Eesti Pank comments on the merger plan of Swedbank and SEB

Today on 22 February at 8:15 the two major Swedish financial groups FöreningsSparbanken (Swedbank) and SEB announced their plan to merge. This would result in a new Scandinavian financial group SEB Swedbank, the total assets of which will be around 230 billion euros (2052 billion Swedish kroner). The merger of Swedish financial groups is a natural continuation of the whole consolidation process characteristic to the European banking and financial markets today. The merger of the two banks will affect competition in the Scandinavian banking market and will require the approval from both the Swedish and EU authorities.

The possible merger of the major shareholders of Hansapank and Ühispank, i.e. SEB and Swedbank, will directly influence the circle of owners of the Estonian banks. The details of the changes will depend on the legal aspect of the merger. The details known to the public so far let one assume that the majority shareholder of the Hansapank or Ühispank or both of them will change. Making any changes in the majority shareholding is subject to approval by the Bank of Estonia.

The central bank's position is that competition in the Estonian banking market must be guaranteed. That is the priority of the central bank. The central bank has enough means and possibilities to guarantee a satisfactory competition situation in the Estonian banking market. The merger or joint ownership of the two major Estonian banks is ruled out by the Bank of Estonia. The future steps depend directly on the applications that will be presented to the central bank regarding the Estonian banks.

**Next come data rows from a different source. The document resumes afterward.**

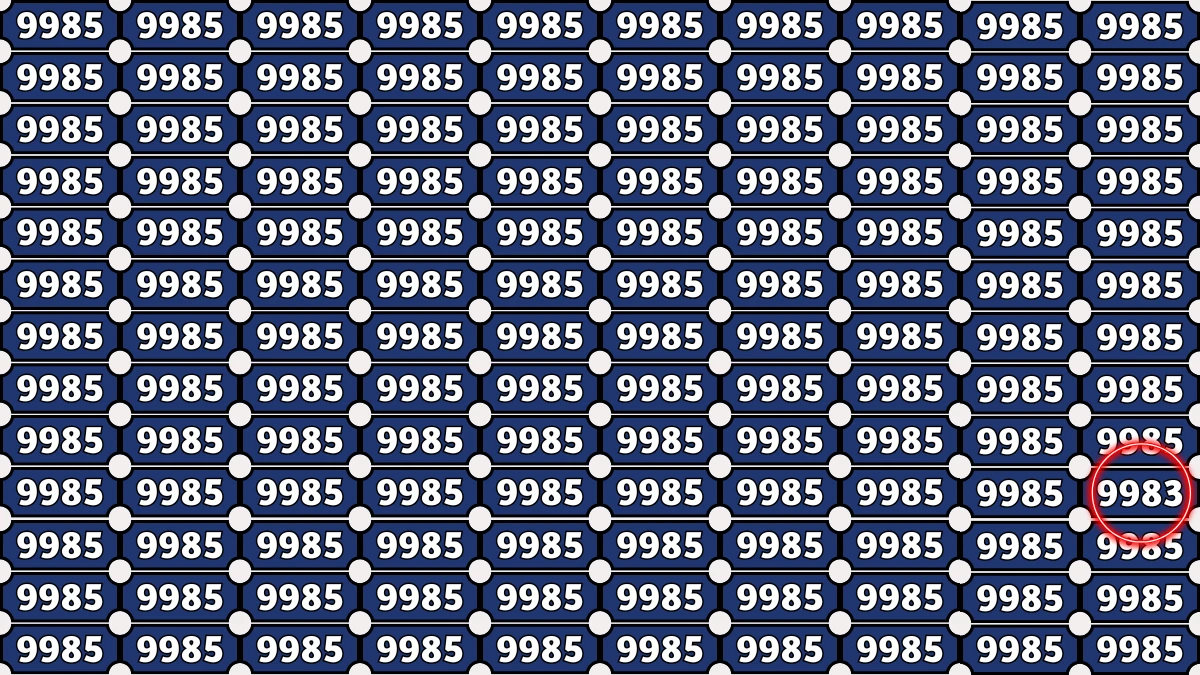 Optical Illusion Puzzle IQ Test: Within 9 Seconds Spot The Number 9983 among 9985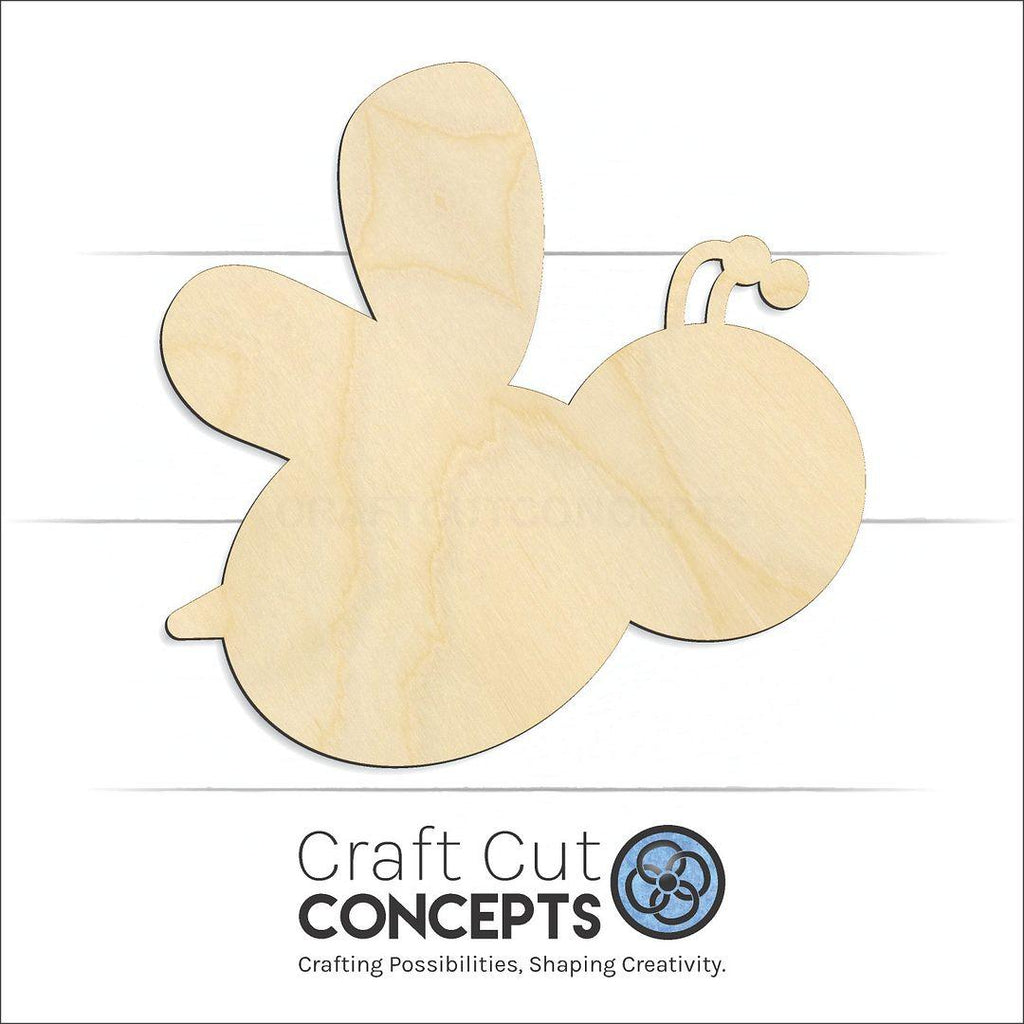 Craft Cut Concepts Logo under a wood Bee craft shape and blank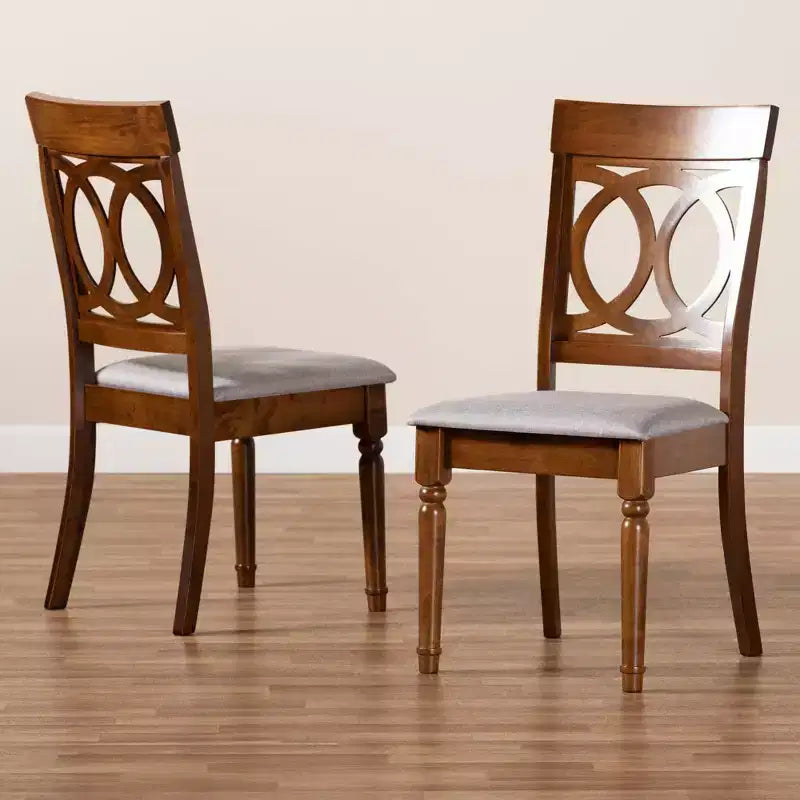 Ensemble de 2 chaises de salle à manger en tissu et bois Gris/Noyer Polyester, Nettoyage des taches, Sans accoudoirs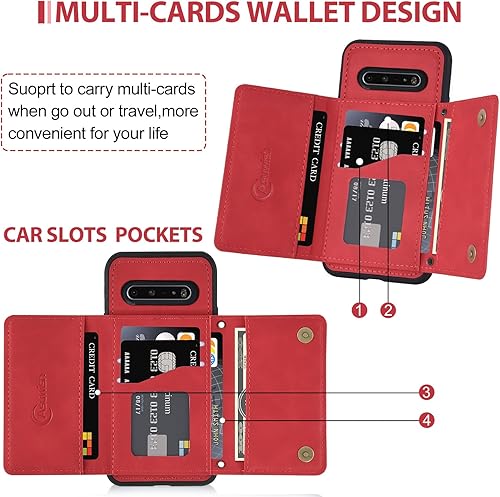 Miniatura 10 de Asuwish Funda de teléfono para LG V60 ThinQ V60ThinQ 5G G9 Thin Q Wallet Cover con protector de pantalla de vidrio templado y soporte de tarjeta de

The Bank of Estonia will be ready to publish additional comments as soon as the Swedish banks issue more detailed technical and legal information on the agreements reached. The Bank of Estonia will also immediately make a public announcement of any possible applications to change the majority shareholders of Hansapank and Ühispank. At the same time the Bank of Estonia wishes to point out that such decisions cannot be made before the merger has been approved by the owners of the two groups, all the relevant authorities of Sweden and the European Union and the deal is legally finalized.